Los enfrentamientos de primer nivel no requieren excesiva presentación. Es el caso de un inmejorable pulso de campeones entre Inter de Milán y Barcelona, en el que todos los protagonistas implicados le son familiares al gran público. El choque de esta noche es lo más parecido a una muñeca rusa, en tanto que su interior alberga multitud de duelos individuales. El cara a cara que concita más expectación es sin duda el que medirá a los mejores nueves del continente, aunque ni por asomo será el único. Con el inesperado trueque Ibrahimović-Eto'o, Inter y Barça permutaron literalmente sus respectivas suertes. Es por eso que, generada en los medios, no extraña la premura por concluir quién sale vencedor y quién vencido del intercambio. Finalmente, periodistas y aficionados empatan en cuanto al ansia por recibir respuestas. Y sin embargo, lo que distingue a estos partidos es la total incertidumbre al respecto de su desenlace. Predecir el ganador de la hipotética escaramuza entre arietes es poco menos que imposible. Aún así se hace inevitable el augurio.

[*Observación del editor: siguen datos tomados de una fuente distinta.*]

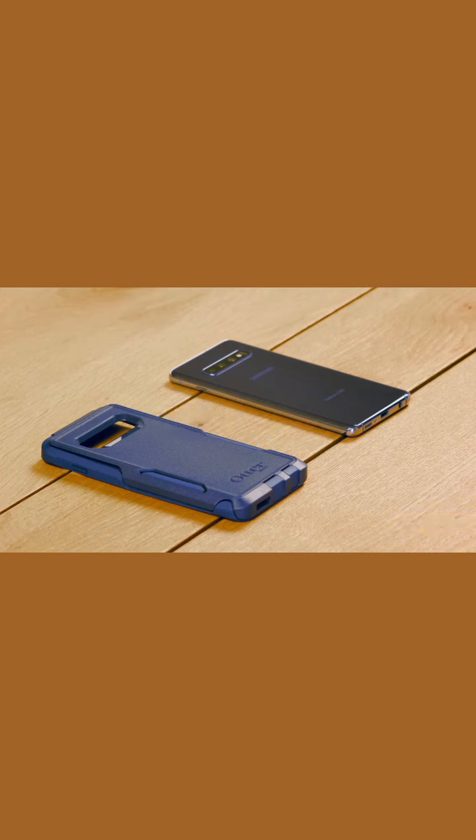Hi! I'm going to show you how to install your Commuter Series case. Do you also plan to use an OtterBox screen protector? Watch that installation video before installing your case.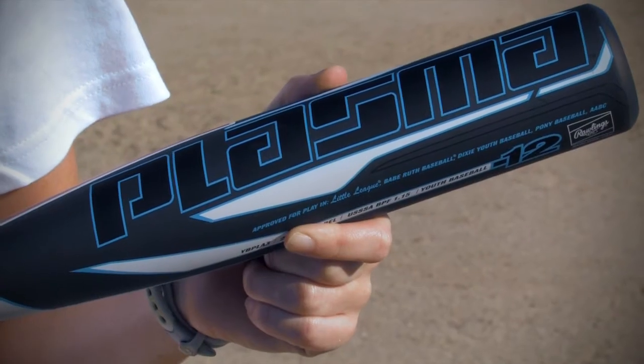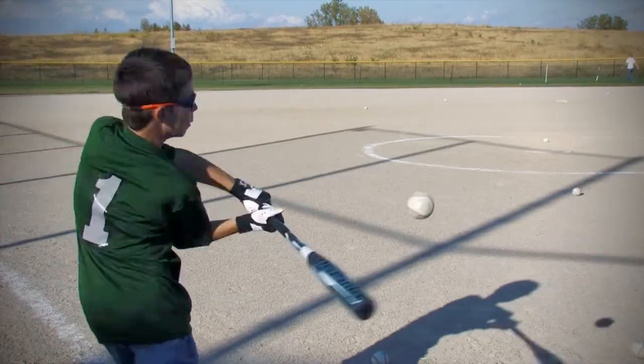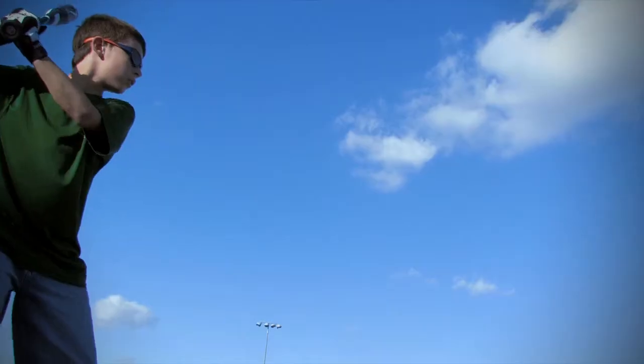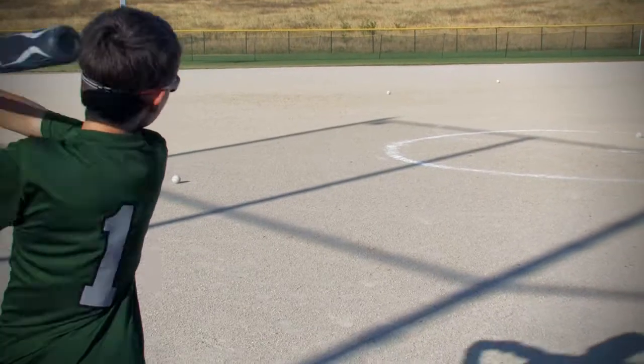Hey guys, I'm Megan at JustBast.com and this is the Rawlings Plasma Youth Bat. The plasma is made from Rawlings high-strength aerospace plasma alloy, so you can count on it lasting more than a season. It's an extremely durable bat, but it's not too heavy.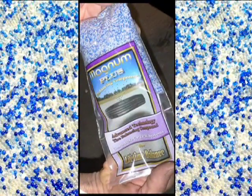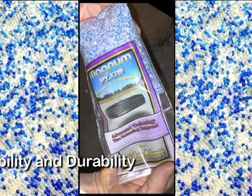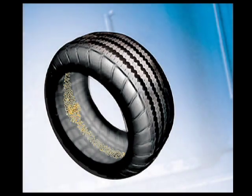With Magnum, we establish the importance of having flowability and durability in a balancing compound. And now, to show you just why these features are so important, we invite you to take a look inside a tire equipped with Magnum Plus.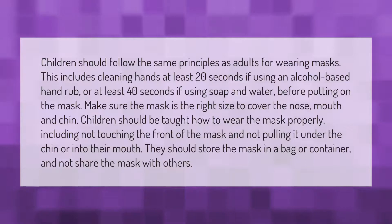Children should follow the same principles as adults for wearing masks. This includes cleaning hands for at least 20 seconds if using an alcohol-based hand rub, or at least 40 seconds if using soap and water, before putting on the mask. Make sure the mask is the right size to cover the nose, mouth, and chin. Children should be taught how to wear the mask properly, including not touching the front of the mask and not pulling it under the chin or into their mouth. They should store the mask in a bag or container and not share the mask with others.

Caracterizado por la estridencia de su carácter, Ibrahimović regresa a un estadio que conoce bien. No es previsible que le afecte la presión. Tampoco a Eto'o. El delantero africano juega en casa y las citas de máxima exigencia no tienen secreto para él. A priori no hay apuesta más segura que los goles del camerunés. Sus números cantan. En Mallorca es poco menos que una leyenda merced a la histórica conquista de la Copa del Rey. Con el Barcelona logró cinco títulos mayores en sendos cursos, alcanzando cifras desorbitadas ─32 tantos de media─ siempre que no estuvo lesionado. De hecho, las dos temporadas de sequía azulgrana coincidieron con su mal estado. Los datos no acaban ahí. Disputó dos finales de la Liga de Campeones. Ganó ambas. Sólo sus goles lo hicieron posible. Más que estadística, es historia. Se trata del bagaje de un delantero demoledor. Es el currículo de Samuel Eto'o Fils, el portador del mazo más contundente de Europa. Por lo que se refiere a Ibrahimović, nada que objetar a su condición de Capocannoniere ni al resto de sus títulos personales y colectivos, donde destacan tres Scudettos consecutivos. Triunfar en la Lega Calcio entraña una dificultad añadida con respecto al resto de ligas europeas. Los planteamientos avaros, profundamente arraigados en Italia, complican la supervivencia de los atacantes más técnicos, mientras que privilegian a los arietes acorazados. De modo que los éxitos de Ibrahimović se explican por sí solos. Es un futbolista salvaje, al que sólo un club como el Barcelona podía darle el impulso que demandaba su clase. Es innegable el atractivo de un careo entre dos puntas tan opuestos y sin embargo tan calcados de temperamento.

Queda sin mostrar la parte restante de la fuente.